Provided records |

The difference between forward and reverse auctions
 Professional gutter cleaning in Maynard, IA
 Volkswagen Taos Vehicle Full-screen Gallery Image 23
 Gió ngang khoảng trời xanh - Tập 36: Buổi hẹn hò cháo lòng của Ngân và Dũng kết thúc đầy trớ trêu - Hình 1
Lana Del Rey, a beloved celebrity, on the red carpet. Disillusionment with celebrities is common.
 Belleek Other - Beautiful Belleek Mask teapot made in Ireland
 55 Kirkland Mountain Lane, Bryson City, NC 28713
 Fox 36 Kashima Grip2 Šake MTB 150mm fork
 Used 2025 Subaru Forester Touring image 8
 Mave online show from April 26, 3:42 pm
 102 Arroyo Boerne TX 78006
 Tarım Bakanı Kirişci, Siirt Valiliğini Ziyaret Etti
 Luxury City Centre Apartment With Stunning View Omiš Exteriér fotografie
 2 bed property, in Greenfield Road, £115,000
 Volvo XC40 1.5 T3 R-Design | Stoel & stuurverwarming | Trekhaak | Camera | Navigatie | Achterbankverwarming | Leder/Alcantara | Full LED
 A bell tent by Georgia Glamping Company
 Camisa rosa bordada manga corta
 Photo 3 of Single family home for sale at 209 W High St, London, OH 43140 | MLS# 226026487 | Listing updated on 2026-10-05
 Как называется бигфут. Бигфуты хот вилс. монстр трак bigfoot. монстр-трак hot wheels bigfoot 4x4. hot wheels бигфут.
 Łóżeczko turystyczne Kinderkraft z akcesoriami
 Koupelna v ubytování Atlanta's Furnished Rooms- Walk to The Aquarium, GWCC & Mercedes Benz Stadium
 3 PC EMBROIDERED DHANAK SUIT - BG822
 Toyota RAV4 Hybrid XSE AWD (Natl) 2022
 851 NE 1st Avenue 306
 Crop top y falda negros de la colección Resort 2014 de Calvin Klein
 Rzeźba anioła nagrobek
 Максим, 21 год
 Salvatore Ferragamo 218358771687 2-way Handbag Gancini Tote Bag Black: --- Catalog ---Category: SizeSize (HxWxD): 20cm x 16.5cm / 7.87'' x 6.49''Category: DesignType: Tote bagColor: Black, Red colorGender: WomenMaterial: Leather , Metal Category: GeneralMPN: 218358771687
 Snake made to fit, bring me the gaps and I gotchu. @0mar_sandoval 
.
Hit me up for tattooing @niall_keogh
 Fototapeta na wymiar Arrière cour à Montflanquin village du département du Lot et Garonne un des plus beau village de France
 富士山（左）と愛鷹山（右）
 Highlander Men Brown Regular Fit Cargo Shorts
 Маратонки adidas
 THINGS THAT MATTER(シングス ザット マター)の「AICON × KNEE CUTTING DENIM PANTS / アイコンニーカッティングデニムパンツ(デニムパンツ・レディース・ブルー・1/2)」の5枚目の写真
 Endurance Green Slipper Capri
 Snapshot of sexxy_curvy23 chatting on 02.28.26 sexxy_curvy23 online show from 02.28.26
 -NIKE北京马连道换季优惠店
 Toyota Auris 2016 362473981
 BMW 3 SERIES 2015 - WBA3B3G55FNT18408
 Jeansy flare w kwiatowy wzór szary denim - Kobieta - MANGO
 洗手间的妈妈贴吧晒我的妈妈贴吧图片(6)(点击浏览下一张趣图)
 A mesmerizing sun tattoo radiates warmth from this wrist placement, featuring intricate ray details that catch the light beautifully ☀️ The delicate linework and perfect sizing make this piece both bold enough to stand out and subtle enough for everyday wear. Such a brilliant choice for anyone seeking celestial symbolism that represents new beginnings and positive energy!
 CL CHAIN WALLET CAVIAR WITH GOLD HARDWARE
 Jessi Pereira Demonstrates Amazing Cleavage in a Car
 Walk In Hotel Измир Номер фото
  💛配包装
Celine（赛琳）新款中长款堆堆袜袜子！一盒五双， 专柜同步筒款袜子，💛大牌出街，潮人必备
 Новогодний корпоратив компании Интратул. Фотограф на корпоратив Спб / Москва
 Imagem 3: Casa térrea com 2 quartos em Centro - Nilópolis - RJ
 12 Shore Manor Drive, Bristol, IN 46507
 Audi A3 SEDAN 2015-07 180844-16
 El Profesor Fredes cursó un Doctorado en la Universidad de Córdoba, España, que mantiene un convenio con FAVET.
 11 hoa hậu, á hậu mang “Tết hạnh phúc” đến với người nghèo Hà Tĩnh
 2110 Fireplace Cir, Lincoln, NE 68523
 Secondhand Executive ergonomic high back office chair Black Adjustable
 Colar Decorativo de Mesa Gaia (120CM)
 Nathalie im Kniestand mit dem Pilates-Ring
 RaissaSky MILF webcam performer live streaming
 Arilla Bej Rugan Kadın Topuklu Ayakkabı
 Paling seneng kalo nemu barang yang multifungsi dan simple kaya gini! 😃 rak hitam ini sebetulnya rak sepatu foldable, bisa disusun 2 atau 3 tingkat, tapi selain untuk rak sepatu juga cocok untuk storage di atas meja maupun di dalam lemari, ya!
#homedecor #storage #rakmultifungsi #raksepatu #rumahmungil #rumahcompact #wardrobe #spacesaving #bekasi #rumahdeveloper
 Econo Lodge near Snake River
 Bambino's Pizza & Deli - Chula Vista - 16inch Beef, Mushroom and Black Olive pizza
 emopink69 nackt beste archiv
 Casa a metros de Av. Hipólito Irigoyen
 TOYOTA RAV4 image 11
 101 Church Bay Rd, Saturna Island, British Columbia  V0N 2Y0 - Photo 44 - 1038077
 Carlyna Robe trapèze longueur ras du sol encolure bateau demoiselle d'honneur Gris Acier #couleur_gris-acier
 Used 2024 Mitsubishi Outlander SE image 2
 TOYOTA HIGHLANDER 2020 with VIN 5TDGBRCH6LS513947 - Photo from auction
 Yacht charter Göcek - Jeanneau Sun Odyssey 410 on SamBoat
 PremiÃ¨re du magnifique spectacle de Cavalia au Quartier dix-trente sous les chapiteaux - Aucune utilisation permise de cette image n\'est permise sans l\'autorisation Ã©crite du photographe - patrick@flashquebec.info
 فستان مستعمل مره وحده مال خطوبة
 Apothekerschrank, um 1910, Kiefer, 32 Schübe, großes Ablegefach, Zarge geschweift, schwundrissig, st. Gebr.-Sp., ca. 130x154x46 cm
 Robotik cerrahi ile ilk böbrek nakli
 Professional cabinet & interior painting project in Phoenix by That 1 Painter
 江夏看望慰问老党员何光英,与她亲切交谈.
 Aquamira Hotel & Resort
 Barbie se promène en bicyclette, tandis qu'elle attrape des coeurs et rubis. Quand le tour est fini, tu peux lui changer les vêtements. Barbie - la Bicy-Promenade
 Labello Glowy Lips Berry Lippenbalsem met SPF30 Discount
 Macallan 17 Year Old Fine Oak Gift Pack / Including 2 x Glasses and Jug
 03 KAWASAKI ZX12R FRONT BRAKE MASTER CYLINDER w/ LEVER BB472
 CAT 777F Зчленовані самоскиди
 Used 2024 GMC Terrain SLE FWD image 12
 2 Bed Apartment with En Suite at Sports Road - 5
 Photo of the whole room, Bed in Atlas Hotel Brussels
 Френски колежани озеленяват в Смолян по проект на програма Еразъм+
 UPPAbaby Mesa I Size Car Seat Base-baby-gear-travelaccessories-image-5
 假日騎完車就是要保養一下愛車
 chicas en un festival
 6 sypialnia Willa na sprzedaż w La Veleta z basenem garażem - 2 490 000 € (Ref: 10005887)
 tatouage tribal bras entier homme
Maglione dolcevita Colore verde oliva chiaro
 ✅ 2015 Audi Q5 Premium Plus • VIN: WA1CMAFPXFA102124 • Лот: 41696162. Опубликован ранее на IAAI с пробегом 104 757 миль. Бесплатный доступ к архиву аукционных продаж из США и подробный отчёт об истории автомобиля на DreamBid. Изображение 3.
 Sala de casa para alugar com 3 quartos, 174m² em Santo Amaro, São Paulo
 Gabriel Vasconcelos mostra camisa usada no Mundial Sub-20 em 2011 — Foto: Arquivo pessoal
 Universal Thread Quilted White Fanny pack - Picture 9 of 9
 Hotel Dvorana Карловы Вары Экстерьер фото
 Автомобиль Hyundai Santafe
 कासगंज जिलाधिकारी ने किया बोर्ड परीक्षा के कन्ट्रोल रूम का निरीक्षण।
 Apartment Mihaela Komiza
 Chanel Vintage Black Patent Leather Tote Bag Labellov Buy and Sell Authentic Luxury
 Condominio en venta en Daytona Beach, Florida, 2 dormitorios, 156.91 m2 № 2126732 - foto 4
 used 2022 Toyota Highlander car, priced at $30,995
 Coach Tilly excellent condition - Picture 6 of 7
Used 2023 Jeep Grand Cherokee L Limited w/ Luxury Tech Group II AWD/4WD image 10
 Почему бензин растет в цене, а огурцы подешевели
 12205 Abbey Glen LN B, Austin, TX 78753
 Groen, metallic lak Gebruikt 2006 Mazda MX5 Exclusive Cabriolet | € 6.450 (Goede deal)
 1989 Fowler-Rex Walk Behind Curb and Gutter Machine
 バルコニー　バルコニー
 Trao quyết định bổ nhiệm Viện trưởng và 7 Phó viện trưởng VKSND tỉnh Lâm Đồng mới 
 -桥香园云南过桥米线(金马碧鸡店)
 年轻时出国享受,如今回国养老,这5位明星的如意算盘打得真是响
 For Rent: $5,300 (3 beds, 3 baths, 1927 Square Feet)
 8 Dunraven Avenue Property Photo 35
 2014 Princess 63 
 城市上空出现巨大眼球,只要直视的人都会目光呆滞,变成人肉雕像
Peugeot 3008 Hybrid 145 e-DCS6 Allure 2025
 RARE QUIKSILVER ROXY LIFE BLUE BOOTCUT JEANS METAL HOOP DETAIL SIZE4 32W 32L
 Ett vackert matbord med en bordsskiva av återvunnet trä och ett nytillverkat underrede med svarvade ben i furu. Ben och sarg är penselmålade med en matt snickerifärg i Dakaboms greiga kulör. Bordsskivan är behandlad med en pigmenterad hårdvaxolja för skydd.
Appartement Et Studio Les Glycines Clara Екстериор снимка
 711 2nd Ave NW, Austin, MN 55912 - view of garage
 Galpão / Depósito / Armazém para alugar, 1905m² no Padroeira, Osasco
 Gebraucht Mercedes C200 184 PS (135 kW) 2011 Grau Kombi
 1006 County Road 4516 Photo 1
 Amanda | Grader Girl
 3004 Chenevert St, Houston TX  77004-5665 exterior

Work item | Copy each line of the data that includes the word "Hybrid".

Answer area |
 Toyota RAV4 Hybrid XSE AWD (Natl) 2022
Peugeot 3008 Hybrid 145 e-DCS6 Allure 2025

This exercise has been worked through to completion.